**What you are asked to do**
Whenever a line in the records below contains "with", pick it out.

**Records provided**

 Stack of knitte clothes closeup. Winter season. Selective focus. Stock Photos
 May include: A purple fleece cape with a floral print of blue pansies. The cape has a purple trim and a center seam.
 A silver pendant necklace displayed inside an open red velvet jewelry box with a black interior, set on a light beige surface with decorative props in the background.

---

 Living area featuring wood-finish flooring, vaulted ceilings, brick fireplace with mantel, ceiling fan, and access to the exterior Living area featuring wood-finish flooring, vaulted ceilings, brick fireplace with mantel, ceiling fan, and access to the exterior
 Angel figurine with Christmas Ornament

**Problem solution**
 May include: A purple fleece cape with a floral print of blue pansies. The cape has a purple trim and a center seam.
 A silver pendant necklace displayed inside an open red velvet jewelry box with a black interior, set on a light beige surface with decorative props in the background.
 Living area featuring wood-finish flooring, vaulted ceilings, brick fireplace with mantel, ceiling fan, and access to the exterior Living area featuring wood-finish flooring, vaulted ceilings, brick fireplace with mantel, ceiling fan, and access to the exterior
 Angel figurine with Christmas Ornament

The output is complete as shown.